Quali comportamenti trasformano una fuga in resistenza attiva?
Nel caso esaminato, la Corte ha identificato come resistenza attiva la guida a forte velocità, l’esecuzione di manovre azzardate e l’attraversamento di incroci in modo pericoloso. Tali condotte sono state considerate finalizzate a impedire l’inseguimento, ostacolando così la funzione pubblica.
Qual è stata la decisione finale della Corte e perché?
La Corte ha dichiarato il ricorso inammissibile. Ha stabilito che la condotta dell’automobilista non era una semplice fuga, ma una serie di atti pericolosi volti a ostacolare attivamente il controllo di polizia. Questa condotta, creando un pericolo concreto per gli agenti e per terzi, ha integrato pienamente gli elementi del reato di resistenza a pubblico ufficiale.
Testo del provvedimento
Ordinanza di Cassazione Penale Sez. 7 Num. 35617 Anno 2024
Penale Ord. Sez. 7 Num. 35617 Anno 2024
Presidente: COGNOME NOME
Relatore: COGNOME NOME
Data Udienza: 09/09/2024
ORDINANZA
sul ricorso proposto da:
COGNOME NOME nato a SARNO il DATA_NASCITA
avverso la sentenza del 20/02/2024 della CORTE APPELLO di SALERNO
dato avviso alle parti;
udita la relazione svolta dal Consigliere NOME COGNOME;
visti gli atti e la sentenza impugnata; dato avviso alle parti; esaminati i motivi del ricorso di COGNOME NOME;
udita la relazione svolta dal consigliere NOME COGNOME
Ritenuto che i motivi dedotti nel ricorso avverso la condanna per il reato di cui all’art. 337 cod. pen. non sono consentiti dalla legge in sede di legittimità.
Invero, l’imputato eccepisce che la propria condotta – consistente nella mera fuga dai Carabinieri che gli avevano intimato l’alt – non può integrare il delitto di resistenza. Trattasi di deduzione del tutto generica e priva di concreti riferimenti alla motivazione concretamente adottata dalla sentenza impugnata che ha evidenziato come COGNOME “non si limitò a resistere passivamente agli agenti, che gli avevano intimato l’alt con i segnali acustici e lo inseguivano, ma pur di sottrarsi al controllo di p.g., in quanto privo della patente di guida, si diede ad una fuga spericolata e caratterizzata da manovre azzardate (consistite nel procedere a forte velocità, percorrendo strade caratterizzate dalla presenza di intersezioni), incurante del pericolo creato agli agenti che lo inseguivano ed agli altri veicoli che a quell’ora si trovavano per strada”. Condotta, questa, che quindi non si è esaurita in una mera “fuga”, ma è consistita in una serie di manovre finalizzate ad impedire l’inseguimento, così ostacolando concretamente l’esercizio della funzione pubblica e inducendo negli inseguitori una percezione di pericolo per la propria e altrui incolumità, chiaramente rientrante nel concetto di resistenza a pubblico ufficiale (in termini, v. Sez. 2, n. 44869 del 17/10/2019, Besana, Rv. 277765 – 01).

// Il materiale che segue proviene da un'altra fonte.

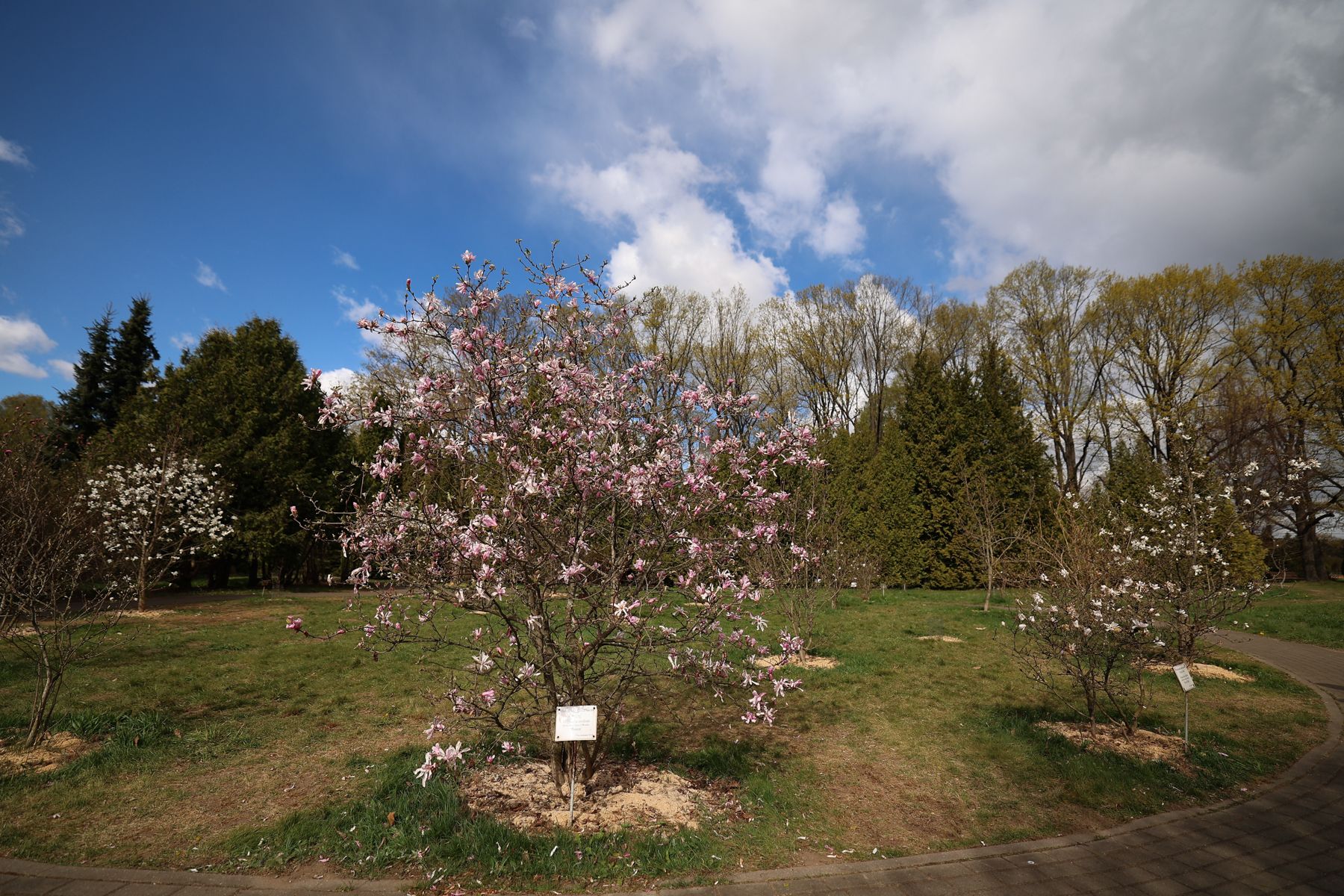Фото: Павел Орловский, Times.by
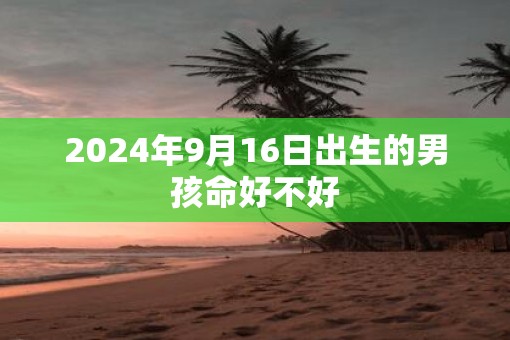 2025年9月16日出生的男孩命好不好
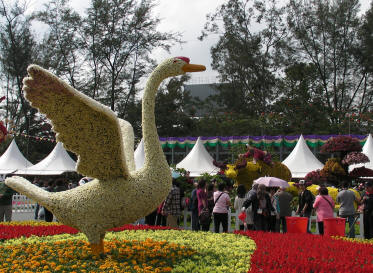 HK Flower Show 2009 - flower arrangement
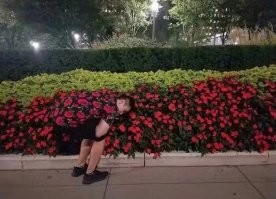 Хорошая маскировка. Присел на клумбе - и вуаля...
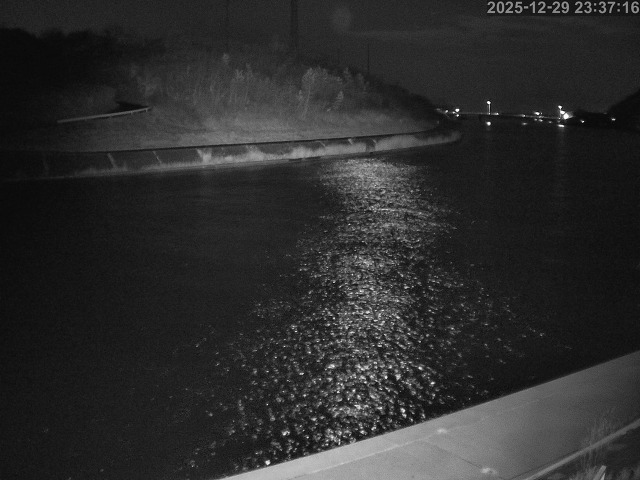 蒲生川１2025/12/30 7:20:00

Considerato che all’inammissibilità dell’impugnazione segue la condanna del ricorrente al pagamento delle spese processuali e di una somma in favore della cassa delle ammende, che si ritiene conforme a giustizia liquidare come in dispositivo.
P.Q.M.
Dichiara inammissibile il ricorso e condanna il ricorrente al pagamento delle spese processuali e al versamento della somma di tremila euro in favore della Cassa delle ammende.